Plants chilled, not killed
SUN PHOTO/CINDY LANE Native landscaping planted
between
Anna Maria City Hall and the Island Playhouse
lost some
leaves during the prolonged cold snap
earlier this month,
but is expected to survive.
Dead fish washing up onto the beaches is the most obvious evidence of the prolonged cold snap earlier this month, but plants may fare better.
That is, if people leave them alone, plant experts say.

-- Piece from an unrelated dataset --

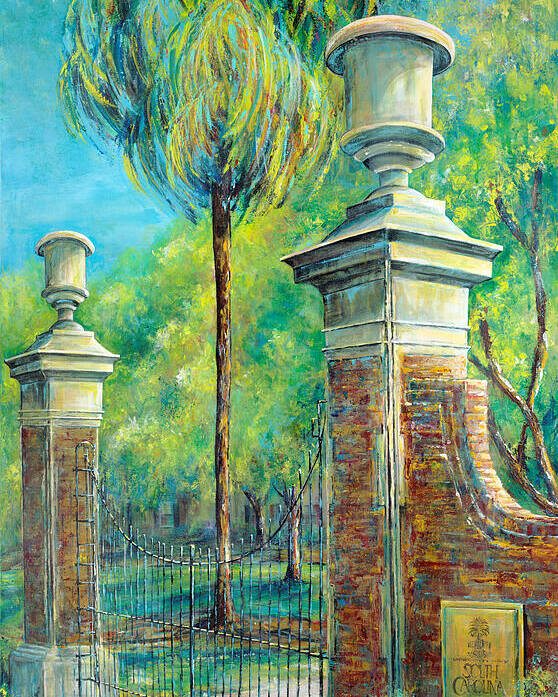 University Of South Carolina Poster featuring the painting The Gates of the Horseshoe I by Lindsey Fisher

Don’t trim cold-damaged plants until at least Valentine’s Day, say the master gardeners at the Manatee County Extension Service. That’s because trimming makes the plants produce new growth, which could be killed by frost until around the middle of February, the last time frost is predicted in our area, according to the National Weather Service. A plant whose new growth is hit by freezing temperatures after being cold-stressed a month earlier might not survive.
Don’t dig up brown plants just because they’re brown. Many plants naturally turn brown in winter and revive in spring, and if you don’t know what you’re digging up, you could ruin perfectly good foliage.
Many species that don’t normally turn brown have done so after nearly two weeks of unusually cold temperatures, but give them a chance, says Mike Miller of perfectisland.us, who landscaped Anna Maria City Hall with native plants.
“Don’t do anything but watch them turn brown and watch the leaves fall off,” he said, adding that most will revive. “The key thing to expect is no matter what you have, the likelihood that it’s dead is very, very low.”
The chances that a plant will drop its leaves after a cold snap depends on how much farther south the plant actually belongs, Miller said. For example, a few days after the cold snap, sea grapes on the Island defoliated almost overnight. The native plant thrives farther south, and Tampa Bay is practically its northernmost boundary, he said.
Still, it will survive, if left alone to recover.
The same goes for chopping off brown palm fronds – don’t – as they protect the green fronds growing underneath. Palms damaged by cold should not be pruned until the new fronds fully emerge. State landscaping guidelines recommend that palm trees should not be trimmed back to the popular look of a half-dozen fronds protruding nearly vertically from the top, because the severe cut, and the shaving of the brown boots below that often goes with it, makes the tree vulnerable to pests and disease. Generally, brown palm fronds should not be trimmed until new fronds appear, as the brown fronds protect the new growth.
Do not pull out brown sea oats from the beach – they will recover, and are federally protected, Miller said, adding that other beach plants including purple-flowered railroad vines, which normally lose their leaves in winter, and yellow beach sunflowers also will bounce back.
If another cold spell is predicted, water the ground around your plants – not the plants themselves – before it arrives, Miller recommended, as dehydration and cold are a deadly combination.
As for trimming guidelines in normal weather, an Island gardener’s rule of thumb should be “Don’t trim anything that’s not in your way,” Miller said.